[What is required] Exactly the lines below starting at the line with "Der deutsche Außenminister" and ending at the line with "2021 Toyota 4Runner" are wanted, with both ends included. Leave out the pictures and add no other lines.

[The data]
======

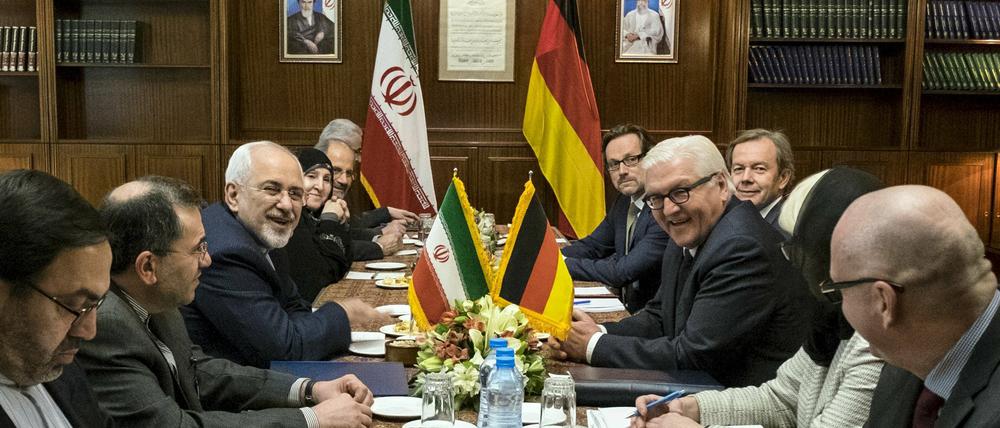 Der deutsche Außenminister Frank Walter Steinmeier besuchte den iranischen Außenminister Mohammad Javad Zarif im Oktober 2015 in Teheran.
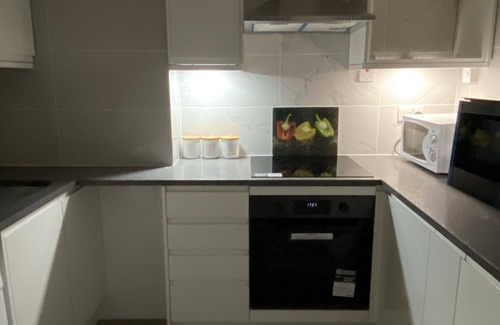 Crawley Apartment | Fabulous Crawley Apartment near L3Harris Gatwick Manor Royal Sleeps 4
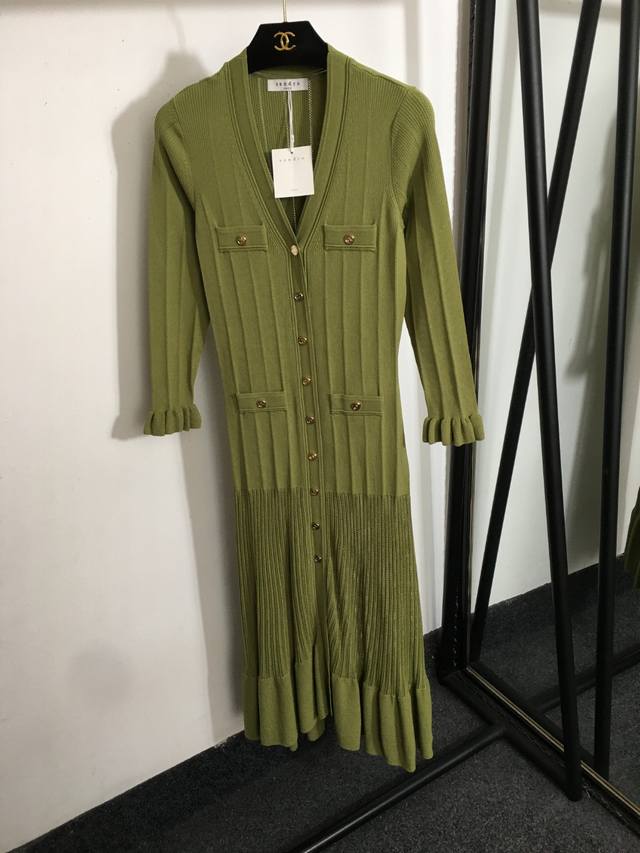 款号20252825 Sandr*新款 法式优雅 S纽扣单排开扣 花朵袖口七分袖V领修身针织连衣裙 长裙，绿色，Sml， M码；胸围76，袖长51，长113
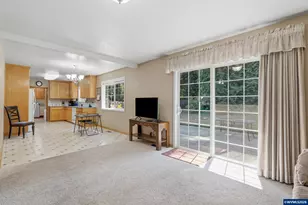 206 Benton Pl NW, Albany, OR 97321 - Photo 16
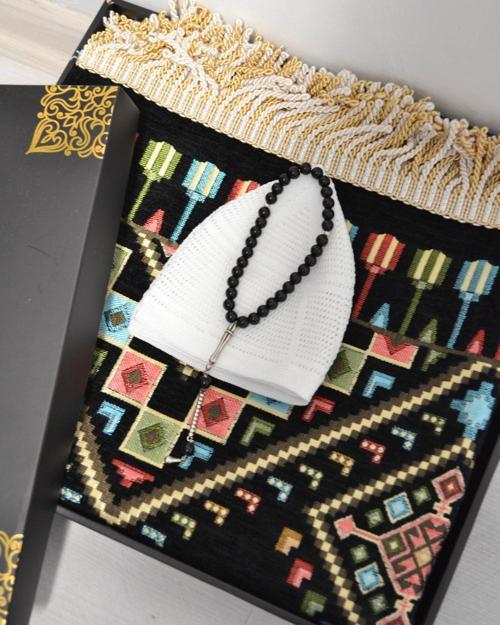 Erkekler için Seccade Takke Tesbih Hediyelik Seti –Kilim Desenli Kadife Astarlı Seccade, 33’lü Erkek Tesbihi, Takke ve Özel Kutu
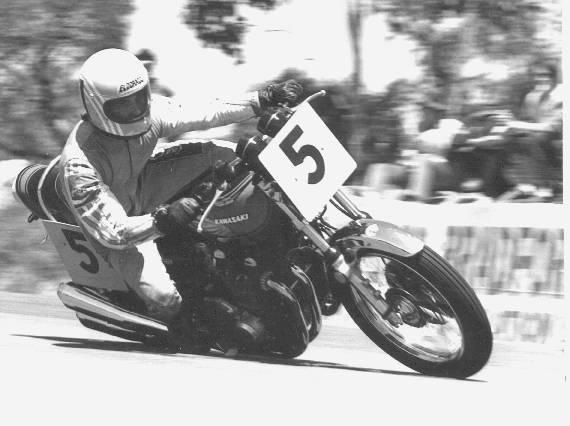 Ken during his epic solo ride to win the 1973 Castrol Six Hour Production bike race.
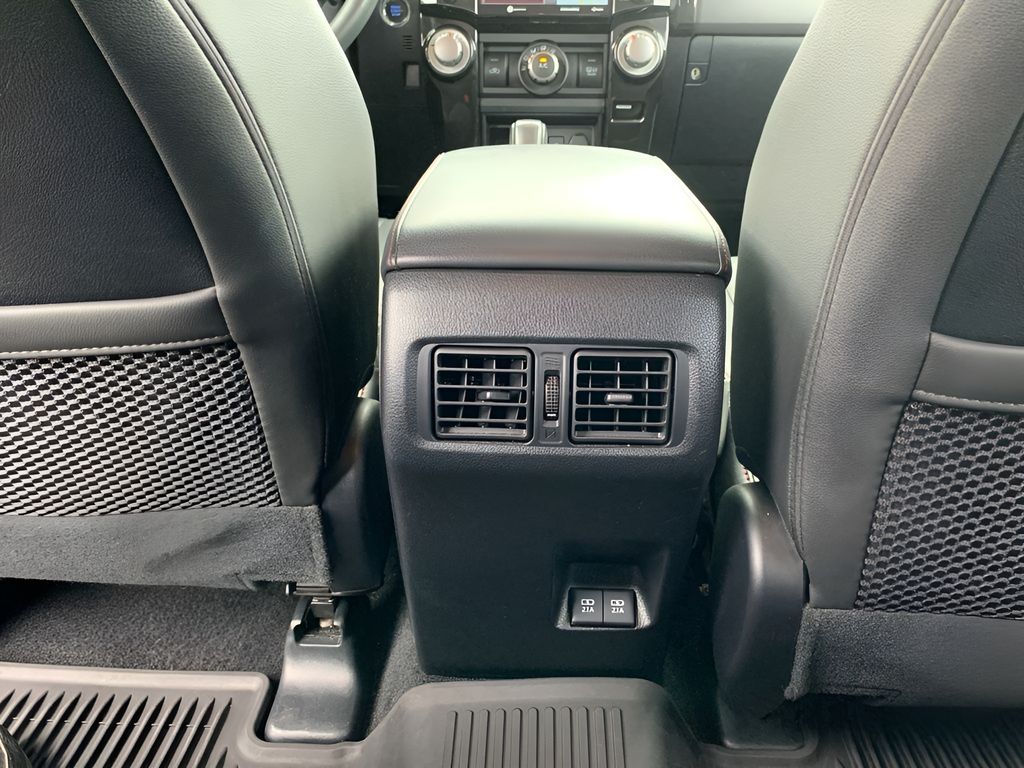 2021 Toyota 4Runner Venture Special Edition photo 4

======

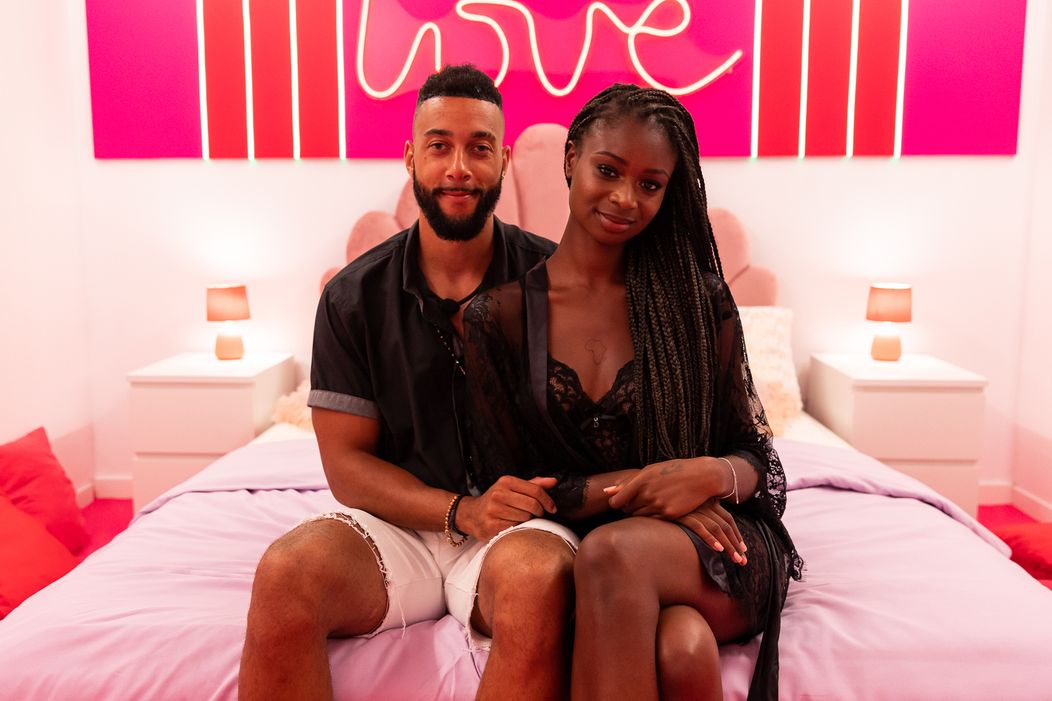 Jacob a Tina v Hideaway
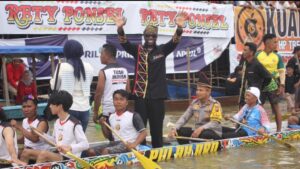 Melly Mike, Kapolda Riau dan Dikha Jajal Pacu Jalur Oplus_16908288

======

[Output for this task]
 Der deutsche Außenminister Frank Walter Steinmeier besuchte den iranischen Außenminister Mohammad Javad Zarif im Oktober 2015 in Teheran.
 Crawley Apartment | Fabulous Crawley Apartment near L3Harris Gatwick Manor Royal Sleeps 4
 款号20252825 Sandr*新款 法式优雅 S纽扣单排开扣 花朵袖口七分袖V领修身针织连衣裙 长裙，绿色，Sml， M码；胸围76，袖长51，长113
 206 Benton Pl NW, Albany, OR 97321 - Photo 16
 Erkekler için Seccade Takke Tesbih Hediyelik Seti –Kilim Desenli Kadife Astarlı Seccade, 33’lü Erkek Tesbihi, Takke ve Özel Kutu
 Ken during his epic solo ride to win the 1973 Castrol Six Hour Production bike race.
 2021 Toyota 4Runner Venture Special Edition photo 4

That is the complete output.